The Kilifi County government has been forced to relook into the Kilifi County Sexual Reproductive Health law that came into force in 2016.
Kilifi County Executive Committee Member (CECM) for Health Charles Dadu said that as a department they came to realize that the law was passed without factoring critical issues touching on the Kilifi situation.
“This is not a national government legislation but a Kilifi county government legislation and every county has its own issues and that is the reason we are discussing the law so that it conforms to the needs of residents,” he said.
Speaking at Silver palm hotel during a stakeholders’ forum Dadu said that the County has been holding stakeholder meetings and engaging the public in collecting views that can make the law appeal locally.

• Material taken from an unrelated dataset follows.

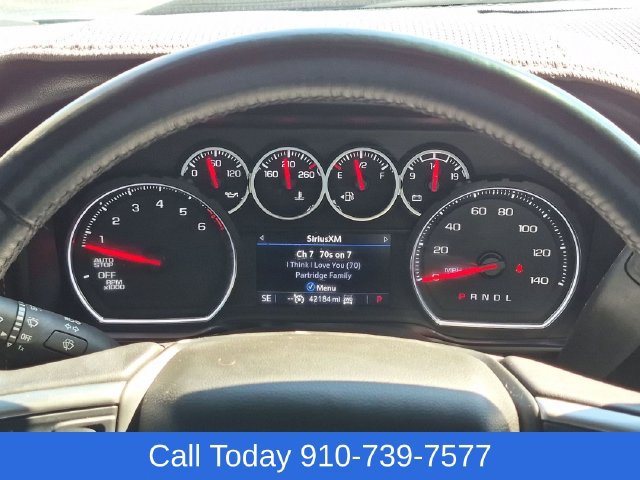 Used 2020 Chevrolet Silverado 1500 LT Trail Boss AWD/4WD image 21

“When we discovered that there was discomfort with the legislation we immediately started collecting views and presenting them to our legal department for considerations. The legal department has done a good job and we hope we shall have a good law,” he said.
Kilifi county Sexual Reproductive Health and Rights Coordinator Kenneth Miriti said the new law is also targeting protection of new bone from attracting HIV virus.
Speaking during the forum, the coordinator revealed that HIV infection from mother to child have been increasingly alarming in the county moving to 11 percent, the rates being higher than the national whose infection rate stand at 8 percent.
Speaking at the same forum, Mr. Omar Mwamuye who is the project officer of Rising Youth Initiative said that the County legal department and the Kilifi County Assembly failed to consider crucial issues when passing the law such as the needs of pregnant mothers and adolescents.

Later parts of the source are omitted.